Major Outage: my.intuiface.com
Incident Report for Intuiface
Postmortem

Analysis of incident:

  • On 22-October we upgraded our database to enhance Intuiface user security. The upgrade went well but after the server was back in production, we detected some database timeouts. Investigation revealed they were due to some severely altered – thus fragmented – indexes, causing performance degradation.
  • We reindexed almost all but two tables on 24-October without any issue. Reindexing of the two largest tables was deferred to an already scheduled maintenance activity on 5-November.
  • On 5-November at around 6:15 AM UTC, the first table was reindexed without any issue. The second table was then reindexed and this operation generated a very large amount of data. At around 8:00 AM UTC the disk went full and the database locked, preventing any further updates to the database tables. At this point, we initiated a rollback of the index.
  • Until 8:50 AM UTC the web services for license check and activation responded with an error every time a Player or Composer attempted to retrieve or activate a license. This affected all free and licensed Players and Composers during startup. It also affected some running, licensed Players that happened to run a license check (which normally occurs once a day). It was also no longer possible to connect to the My Intuiface website (my.intuiface.com) or to the Intuiface Support site.
  • At 8:50 AM UTC, we neutralized the web services for license check and activation so they would no longer reply with an error. This enabled licensed Players and Composers to start correctly. Free Players and Composers could still not launch as they require a successful license check.
  • At 10:57 AM UTC, the table index was fully rolled-back, making the database accessible and enabling us to begin cleanup in order to free disk storage.
  • At 11:00 AM UTC the server was back online again. Player and Composer could check their licenses and users could again connect on my.intuiface.com or support site.
  • After 10 minutes of monitoring, we considered the issue as fixed at 11:13 AM UTC

NOTE: At no time was any customer data – experiences or analytics – ever at risk.

Remediation plans:

  • We will ensure that database failure or inaccessibility – a very rare event that occurred only 5 hours in total over the last 3 years, an availability rate of better than 99.98% - will no longer impact running, paid Players nor the launch of paid Players and Composers.
  • We will enhance our ability to inform users and customers about issues and remediation steps in real-time, both via our website (www.intuiface.com) and through our status.intuiface.com server monitoring website. (NOTE: It is already possible to use our server monitoring site to sign up for notifications about ongoing issues.)
  • We will also take action to better test maintenance operations, even if in this case it was hard to predict that it could lead to a major event. (The faulty reindexing consumed more than 140GB of disk space for a single table!)
  • An internal review of the incident is currently underway to identify and take the appropriate actions.
Posted Nov 07, 2019 - 09:14 CET

Resolved
This incident has been resolved.
Posted Nov 05, 2019 - 12:12 CET
Monitoring
A fix has been implemented and we are monitoring the results.
Posted Nov 05, 2019 - 12:04 CET
Update
We are continuing to work on a fix for this issue.
Posted Nov 05, 2019 - 12:03 CET
Update
The database was recovered and the server is working correctly again.
Any licensing issue should no longer occur.
Posted Nov 05, 2019 - 12:03 CET
Update
The database rollback is still in progress. According to database progress information, the recovery should be finished in 40 minutes.

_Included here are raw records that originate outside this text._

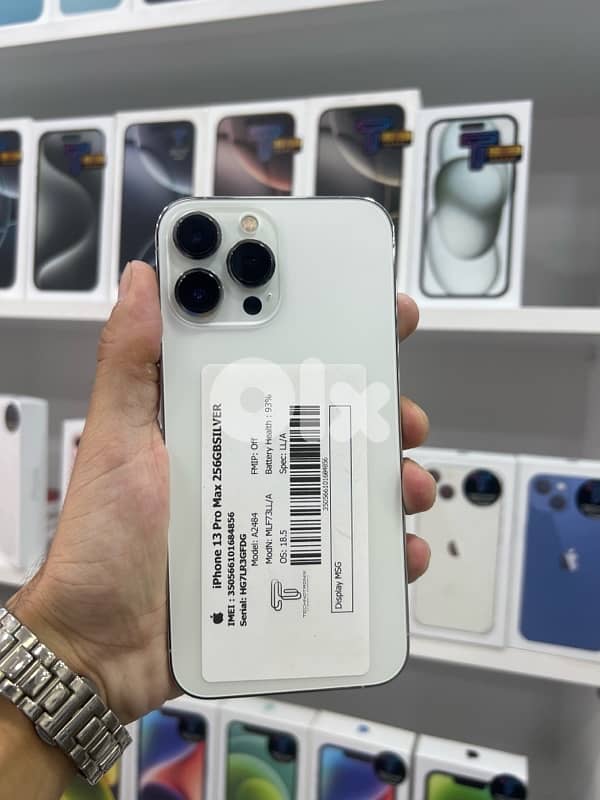Iphone 13 pro max 256 gb 0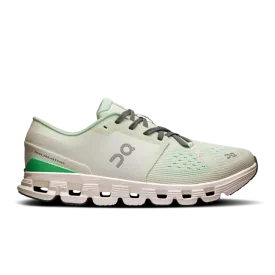 On Women's Cloud X 4 - Aloe/Honeydew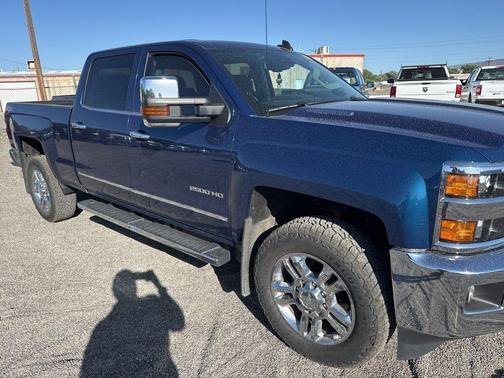 Deep Ocean Blue Metallic 2016 Chevrolet Silverado 2500 LTZ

We expect a complete return to normal operation after 11:00 AM UTC (12:00 AM CET - Central European Time)

We will provide a full postmortem analysis of the problem later today or tomorrow.
Posted Nov 05, 2019 - 11:28 CET
Update
We are still in progress of applying a rollback to our database.
We are now expecting the database to be working again and the server to be fully functional around 10:20 AM UTC (11:20 AM CET - Central European Time).
Posted Nov 05, 2019 - 10:42 CET
Identified
We are currently applying a rollback to our database.
We are expecting the database to be working again and the server to be fully functional around 9:38 AM UTC (10:38 AM CET - Central European Time).
Posted Nov 05, 2019 - 10:10 CET
Update
Due to server error, licensed player or composer could not start properly. This was fixed. at 8:50 AM UTC (9:50 AM CET - Central European Time).
Paid player and composer can be restarted again.
Please note that it is currently not possible to activate new licenses.

We are currently continuing our investigation.
Posted Nov 05, 2019 - 09:56 CET
Investigating
we are currently investigating
Posted Nov 05, 2019 - 09:20 CET
This incident affected: Management Console.